Working data START

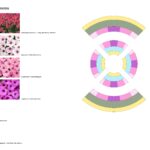 Schemat nasadzenia kwiatów.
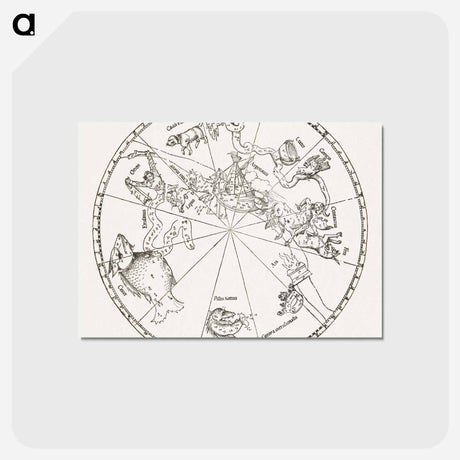 アートポストカード-The Southern Hemisphere of the Celestial Globe - アルブレヒト デューラー Postcard.
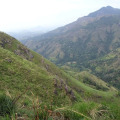 Image 18
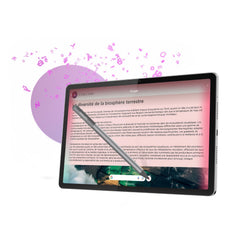65562 - LENOVO ZAFR0982SE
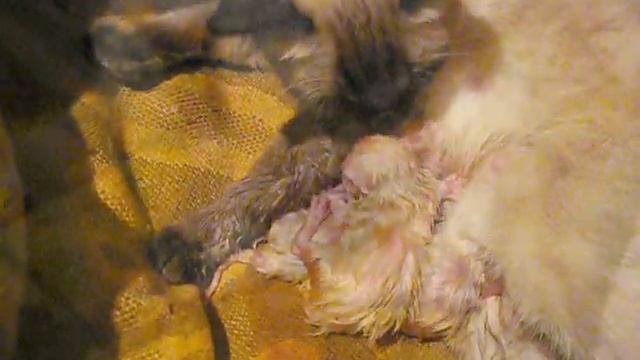 Кошка родила котят, а кот (батя) наблюдает смотреть онлайн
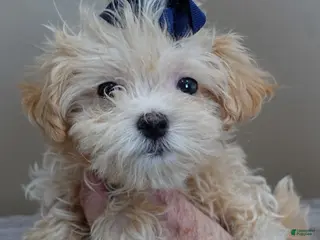 Maltipoo dogs Tiny Kyro - Ad 32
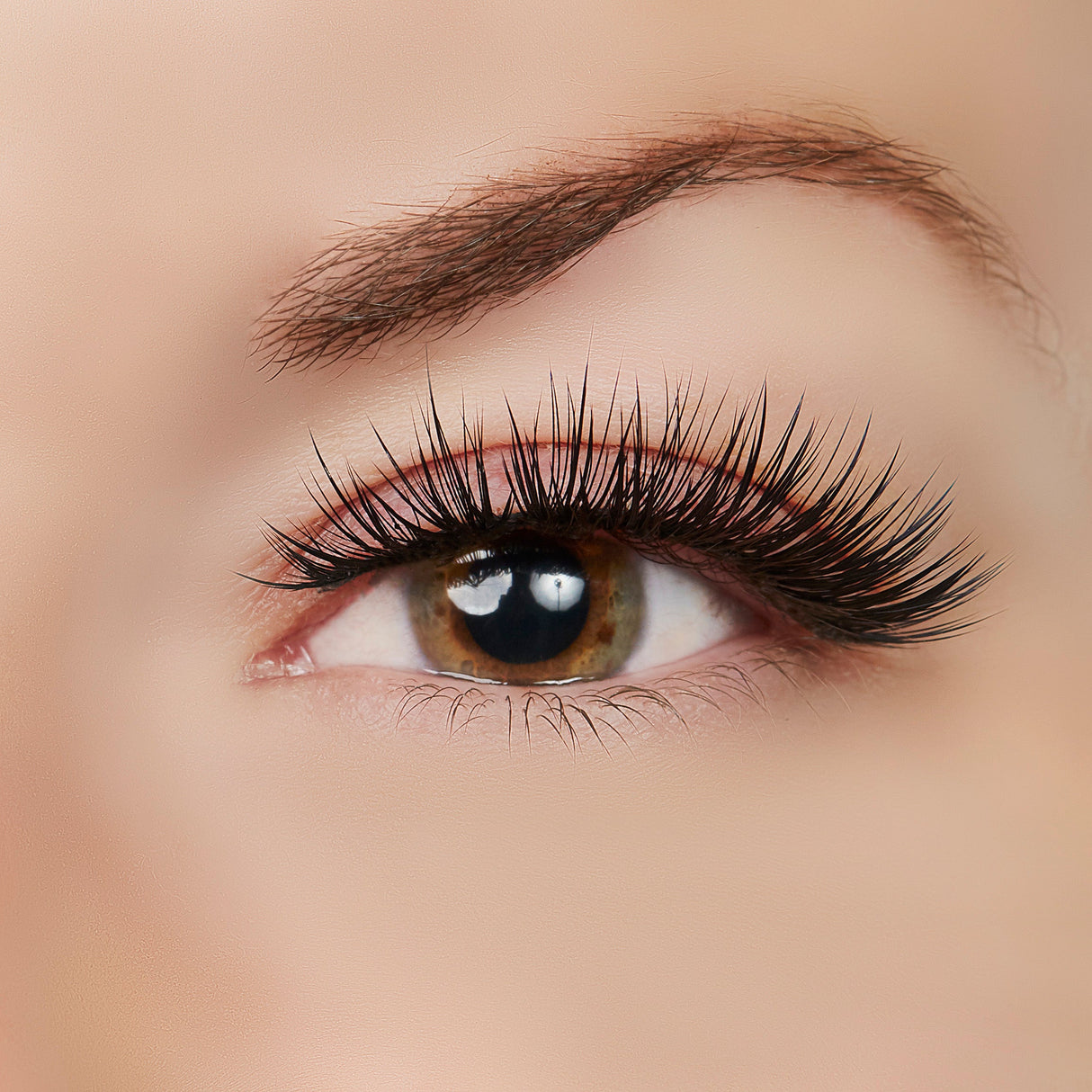 Sexy Classy Lash Style by True Beauty Lashes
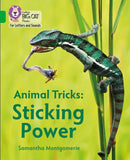 BIG CAT L&S_ANIMAL TRICKS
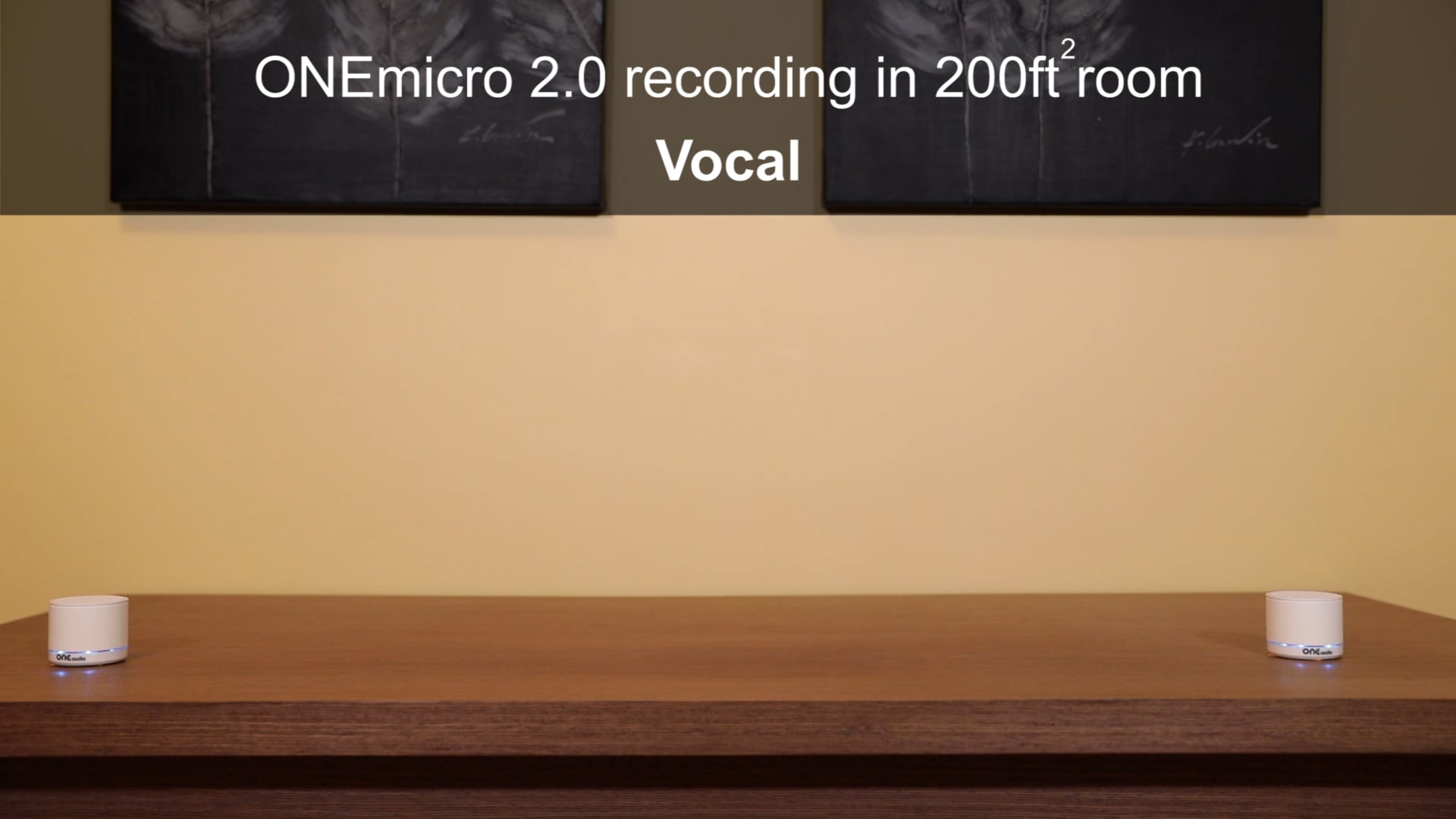 ONEmicro 2.0 recording- Vocal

Working data END

• [Assignment]: The answer is every line of the data, exactly as written, with the pictures dropped.

• [Worked solution]:
 Schemat nasadzenia kwiatów.
 アートポストカード-The Southern Hemisphere of the Celestial Globe - アルブレヒト デューラー Postcard.
 Image 18
65562 - LENOVO ZAFR0982SE
 Кошка родила котят, а кот (батя) наблюдает смотреть онлайн
 Maltipoo dogs Tiny Kyro - Ad 32
 Sexy Classy Lash Style by True Beauty Lashes
 BIG CAT L&S_ANIMAL TRICKS
 ONEmicro 2.0 recording- Vocal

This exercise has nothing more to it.